───── Available data ─────
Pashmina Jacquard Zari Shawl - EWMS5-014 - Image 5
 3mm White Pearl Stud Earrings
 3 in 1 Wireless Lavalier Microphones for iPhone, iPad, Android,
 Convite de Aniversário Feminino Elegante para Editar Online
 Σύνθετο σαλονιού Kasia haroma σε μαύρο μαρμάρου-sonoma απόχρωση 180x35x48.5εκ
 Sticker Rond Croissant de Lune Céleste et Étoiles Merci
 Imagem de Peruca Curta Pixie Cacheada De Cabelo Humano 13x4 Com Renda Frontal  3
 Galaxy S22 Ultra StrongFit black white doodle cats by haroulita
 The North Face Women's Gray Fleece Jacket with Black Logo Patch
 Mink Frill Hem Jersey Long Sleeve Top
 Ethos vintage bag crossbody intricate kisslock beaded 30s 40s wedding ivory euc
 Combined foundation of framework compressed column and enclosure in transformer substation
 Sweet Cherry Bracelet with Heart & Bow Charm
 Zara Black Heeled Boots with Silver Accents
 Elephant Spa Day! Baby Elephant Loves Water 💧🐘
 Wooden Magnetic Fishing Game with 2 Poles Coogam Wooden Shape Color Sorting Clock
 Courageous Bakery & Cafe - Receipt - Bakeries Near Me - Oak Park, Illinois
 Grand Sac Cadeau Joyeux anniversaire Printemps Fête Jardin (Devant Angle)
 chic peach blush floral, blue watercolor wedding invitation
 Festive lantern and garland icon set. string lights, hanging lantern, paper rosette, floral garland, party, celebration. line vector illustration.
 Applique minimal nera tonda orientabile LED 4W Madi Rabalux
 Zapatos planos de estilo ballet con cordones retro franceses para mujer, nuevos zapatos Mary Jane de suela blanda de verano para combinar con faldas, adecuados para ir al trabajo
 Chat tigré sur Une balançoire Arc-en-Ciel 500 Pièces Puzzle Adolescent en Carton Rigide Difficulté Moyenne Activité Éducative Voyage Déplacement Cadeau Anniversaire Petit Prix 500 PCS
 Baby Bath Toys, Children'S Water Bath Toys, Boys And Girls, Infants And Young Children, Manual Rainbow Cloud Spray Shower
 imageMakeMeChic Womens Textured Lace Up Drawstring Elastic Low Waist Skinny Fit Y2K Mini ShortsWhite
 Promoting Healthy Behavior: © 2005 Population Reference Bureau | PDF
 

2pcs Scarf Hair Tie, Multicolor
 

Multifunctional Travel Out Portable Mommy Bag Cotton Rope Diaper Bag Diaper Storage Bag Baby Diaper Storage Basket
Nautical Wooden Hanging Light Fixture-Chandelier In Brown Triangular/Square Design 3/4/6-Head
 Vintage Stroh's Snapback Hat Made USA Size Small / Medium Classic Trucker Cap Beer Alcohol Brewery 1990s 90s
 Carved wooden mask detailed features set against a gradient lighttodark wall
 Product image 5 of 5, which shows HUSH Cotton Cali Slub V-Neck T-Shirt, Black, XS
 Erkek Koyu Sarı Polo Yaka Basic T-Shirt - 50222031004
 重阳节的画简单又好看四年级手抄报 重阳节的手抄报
─────
## Task prompt
Output nothing but the lines from the one containing "Carved wooden mask" to the end of the listing, both of those included, exactly as given.

## Exercise answer
 Carved wooden mask detailed features set against a gradient lighttodark wall
 Product image 5 of 5, which shows HUSH Cotton Cali Slub V-Neck T-Shirt, Black, XS
 Erkek Koyu Sarı Polo Yaka Basic T-Shirt - 50222031004
 重阳节的画简单又好看四年级手抄报 重阳节的手抄报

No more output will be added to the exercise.